Construct two examples of covering spaces path connected with 6 sheets over the Torus T that are not isomorphic. And prove that they are not isomorphic.
Lets consider $G=\mathbb{Z}^2$ acting with translation in $\mathbb{R}^2$. In this case, $\pi_1(\mathbb{R}^2/\mathbb{Z}^2 )= \mathbb{Z}^2$, thats abelian.
So I need subgoups of index 6 in $\mathbb{Z}^2$.
For example I have $K=\langle(3,0),(0,2)\rangle \subset \mathbb{Z}^2 $, this is the covering space $p_k: \mathbb{R}^2/K \to \mathbb{R}^2/\mathbb{Z}^2 $.
In this case $\mathbb{R}^2/K $ its homeomorphic to the Torus and its a covering space of $6$-sheets.
And for example $B=\langle(3,1),(0,2)\rangle$ this also works ?, such as
$p_B: \mathbb{R}^2/B \to \mathbb{R}^2/\mathbb{Z}^2 $.
Thanks for the help.
And how can I show that they are not isomorphic?
Best Answer
Since isomorphism classes of covering spaces correspond to conjugacy classes of subgroups, it suffices to show that the two subgroups are not conjugate. This is easy in this case, because $\mathbb{Z}^2$ is abelian.

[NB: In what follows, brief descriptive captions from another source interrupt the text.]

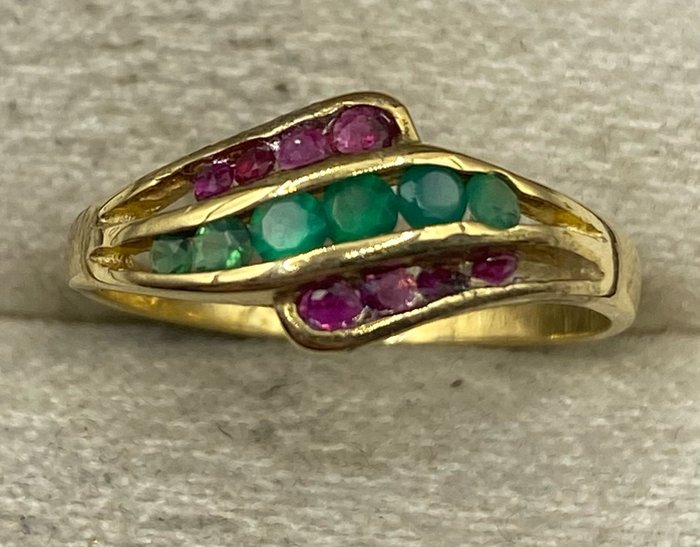 Preview of the first image of NO RESERVE PRICE - 18 kt. Yellow gold - Ring - Emeralds, Rubies.
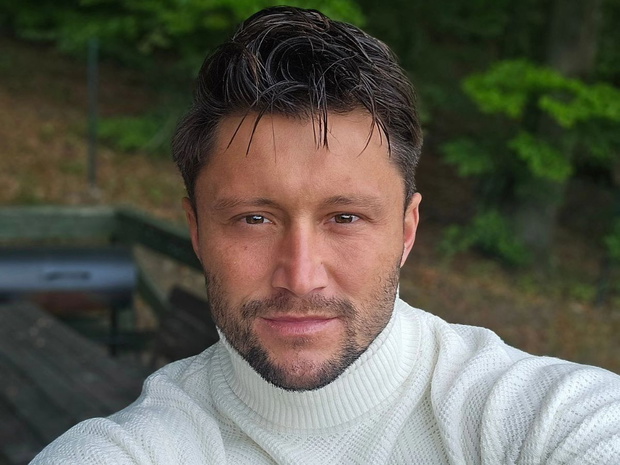 Piotr Mróz jasno o intymnych chwilach przed ślubem: "To jest upadek"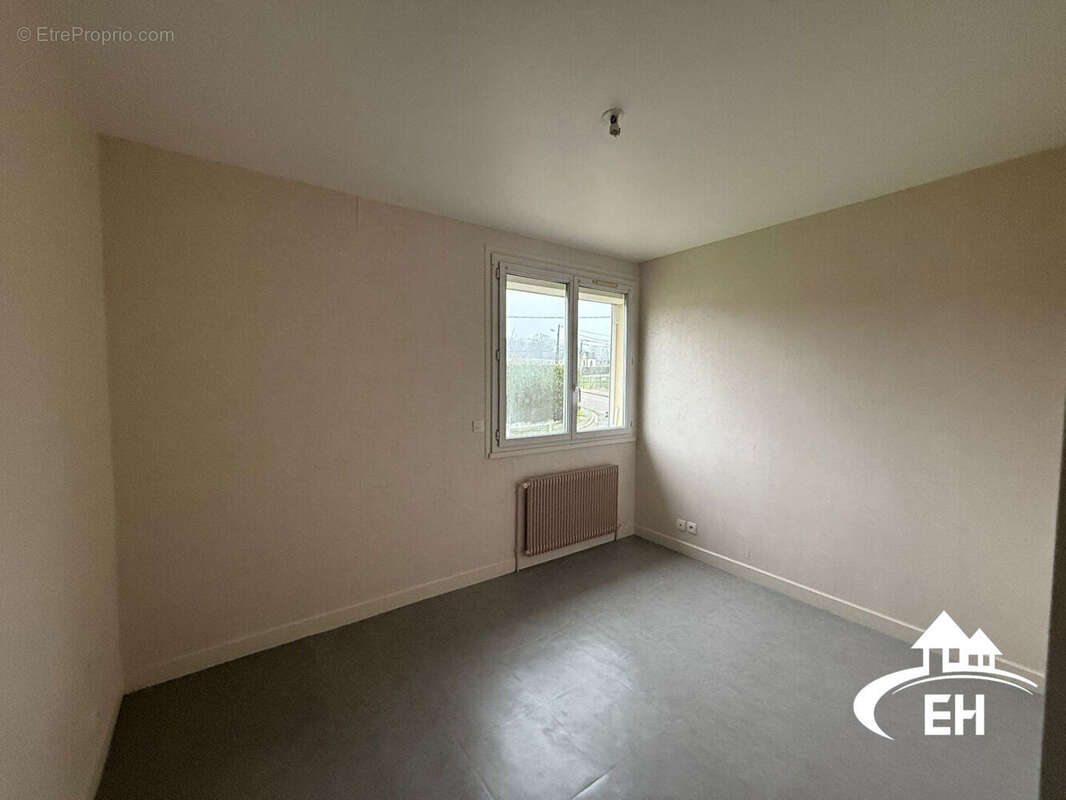 Maison à SAINTE-GAUBURGE-SAINTE-COLOMBE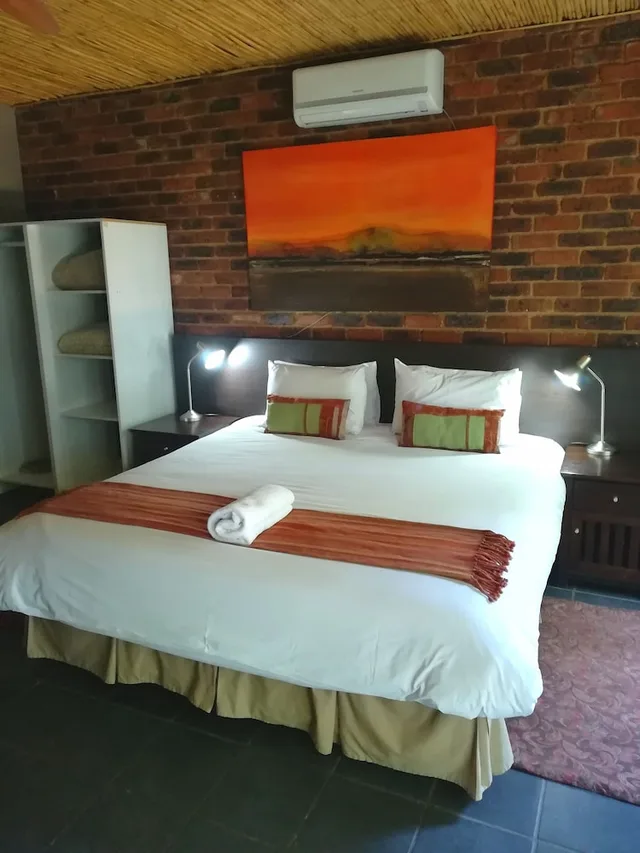 غرفة عائلية بسرير كينج وثلاثة أسرّة، 24 On Vrey Boutique Hotel 2/3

Edit: To be more explicit, $\mathbb{Z}^2$ is abelian, so for any $g \in \mathbb{Z}^2$, $gBg^{-1} = Bgg^{-1} = B$, so you just have to show that $B \neq K$. Clearly, $(3,1) \in B$. If we assume $(3,1) \in K$, we know
$$a(3,0) + b(0,2) = (3,1)$$
for integers $a,b$. But this is impossible. Then, $(3,1) \not \in K$, so $K \neq B$, meaning $gBg^{-1} \neq K$ for all $g$.